I knew what I needed to do. I smiled a big smile, tried to look as secure and relaxed as possible, and encouraged him. “It’s OK. You can go. We’re going to be fine. Don’t worry. You can go if it’s time for you to go. You’re going on a great adventure.”

After smiling and cheering him on for a minute or so, he sighed, and his eyes rolled back in his head, looking at the tenth gate. Something in him relaxed. I kept praying softly in his ear. Within a couple of minutes he was gone.

Identity and reality. What we know, what we guess, what we don’t know. The way that we are here for each other regardless of the details. The last time that I looked in my father’s eyes, there was something pure and naked, powerful and innocent. It was a gift to see his soul like that, and to realize that all along, throughout our lives, his soul was always struggling to be seen by me, just as my soul was always struggling to be seen by him. If it took the moment of death for our spirits to achieve that communion, then I feel we were very blessed. The mirror and reflection between us, by Guru’s grace, arrived at that Infinite point.

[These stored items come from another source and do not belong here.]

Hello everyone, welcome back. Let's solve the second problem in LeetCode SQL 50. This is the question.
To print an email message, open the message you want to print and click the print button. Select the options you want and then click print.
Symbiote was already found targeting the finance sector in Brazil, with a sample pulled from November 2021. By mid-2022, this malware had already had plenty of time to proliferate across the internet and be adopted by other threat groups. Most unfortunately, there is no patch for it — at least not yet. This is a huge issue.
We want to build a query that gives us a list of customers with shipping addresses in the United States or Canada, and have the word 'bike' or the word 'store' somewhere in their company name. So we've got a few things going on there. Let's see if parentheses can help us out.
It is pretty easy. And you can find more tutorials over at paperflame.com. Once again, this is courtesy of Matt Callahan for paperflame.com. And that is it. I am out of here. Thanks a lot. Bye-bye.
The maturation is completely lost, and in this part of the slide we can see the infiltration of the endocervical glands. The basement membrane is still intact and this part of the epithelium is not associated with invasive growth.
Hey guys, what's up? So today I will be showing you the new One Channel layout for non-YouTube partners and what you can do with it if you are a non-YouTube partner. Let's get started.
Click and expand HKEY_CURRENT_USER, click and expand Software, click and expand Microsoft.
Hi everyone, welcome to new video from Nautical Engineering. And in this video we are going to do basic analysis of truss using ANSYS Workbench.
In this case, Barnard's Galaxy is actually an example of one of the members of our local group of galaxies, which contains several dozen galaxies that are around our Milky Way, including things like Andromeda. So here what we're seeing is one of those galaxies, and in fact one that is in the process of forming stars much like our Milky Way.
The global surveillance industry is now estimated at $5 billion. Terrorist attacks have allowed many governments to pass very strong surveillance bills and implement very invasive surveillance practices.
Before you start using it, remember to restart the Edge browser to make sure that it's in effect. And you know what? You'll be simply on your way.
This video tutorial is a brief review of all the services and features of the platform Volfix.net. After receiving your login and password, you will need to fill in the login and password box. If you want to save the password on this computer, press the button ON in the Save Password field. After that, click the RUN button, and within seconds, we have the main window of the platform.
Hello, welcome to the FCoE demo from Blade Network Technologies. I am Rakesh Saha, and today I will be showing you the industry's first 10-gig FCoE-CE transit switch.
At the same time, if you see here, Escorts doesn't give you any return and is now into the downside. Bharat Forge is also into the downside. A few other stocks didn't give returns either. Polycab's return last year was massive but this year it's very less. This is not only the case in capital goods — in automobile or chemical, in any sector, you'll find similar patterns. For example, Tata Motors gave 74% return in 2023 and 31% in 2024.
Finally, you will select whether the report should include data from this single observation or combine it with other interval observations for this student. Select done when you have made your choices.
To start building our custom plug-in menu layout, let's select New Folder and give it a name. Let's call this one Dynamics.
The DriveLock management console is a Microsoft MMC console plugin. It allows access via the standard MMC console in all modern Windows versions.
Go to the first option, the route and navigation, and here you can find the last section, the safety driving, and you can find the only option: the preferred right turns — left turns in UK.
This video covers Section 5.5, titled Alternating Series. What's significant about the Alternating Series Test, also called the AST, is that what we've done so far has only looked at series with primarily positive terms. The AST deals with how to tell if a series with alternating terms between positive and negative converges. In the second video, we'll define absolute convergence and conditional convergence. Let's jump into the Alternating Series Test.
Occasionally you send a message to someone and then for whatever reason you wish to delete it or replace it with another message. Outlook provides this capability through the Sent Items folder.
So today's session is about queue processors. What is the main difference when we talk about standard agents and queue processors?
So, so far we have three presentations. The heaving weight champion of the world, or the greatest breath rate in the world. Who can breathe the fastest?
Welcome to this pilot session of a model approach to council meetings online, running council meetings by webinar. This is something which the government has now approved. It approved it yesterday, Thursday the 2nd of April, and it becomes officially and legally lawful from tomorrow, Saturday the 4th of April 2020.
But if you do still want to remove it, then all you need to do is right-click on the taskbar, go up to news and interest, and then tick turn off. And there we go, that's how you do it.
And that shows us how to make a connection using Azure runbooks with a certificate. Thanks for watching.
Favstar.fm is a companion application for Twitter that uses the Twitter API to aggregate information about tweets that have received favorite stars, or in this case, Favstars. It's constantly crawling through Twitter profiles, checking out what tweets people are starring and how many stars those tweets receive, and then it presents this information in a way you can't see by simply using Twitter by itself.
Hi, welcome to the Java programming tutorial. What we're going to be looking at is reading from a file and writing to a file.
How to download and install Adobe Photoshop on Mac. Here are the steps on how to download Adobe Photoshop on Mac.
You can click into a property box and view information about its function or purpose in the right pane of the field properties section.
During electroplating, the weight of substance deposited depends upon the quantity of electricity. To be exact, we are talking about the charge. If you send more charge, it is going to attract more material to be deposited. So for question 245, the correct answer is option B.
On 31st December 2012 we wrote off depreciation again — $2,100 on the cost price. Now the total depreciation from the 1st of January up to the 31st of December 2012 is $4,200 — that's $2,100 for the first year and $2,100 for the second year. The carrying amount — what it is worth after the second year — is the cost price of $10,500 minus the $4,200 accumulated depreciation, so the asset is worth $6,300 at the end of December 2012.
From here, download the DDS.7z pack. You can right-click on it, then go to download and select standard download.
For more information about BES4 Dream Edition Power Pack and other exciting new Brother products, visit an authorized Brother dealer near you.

After all, nothing ever ends. The connections we have with each other keep going, evolving, transforming, and growing. About 5 minutes after he died, I felt his subtle body pull me into a hug, saying thank you for helping me through.

In the days and weeks since my father passed away, I have been missing his presence. Once I was grown up and on my own, we only saw each other once a year, and spoke on the phone once a month. I never knew that there was some part of me, deep in my subconscious, that was always connected to him. Now that his physical body is gone, that reassuring connection is gone, too. But it doesn’t leave me empty. In place of the connection is a plethora of memories that reveal new secrets the more of life I understand. The mirror of him is still in my mind. And I am so grateful to have experienced, at the end, how the love overwhelmed everything else, and cast a golden light over all of the memories that I hold of him forever.

In memoriam: James Anthony Gillece. January 19, 1938 – September 2, 2009.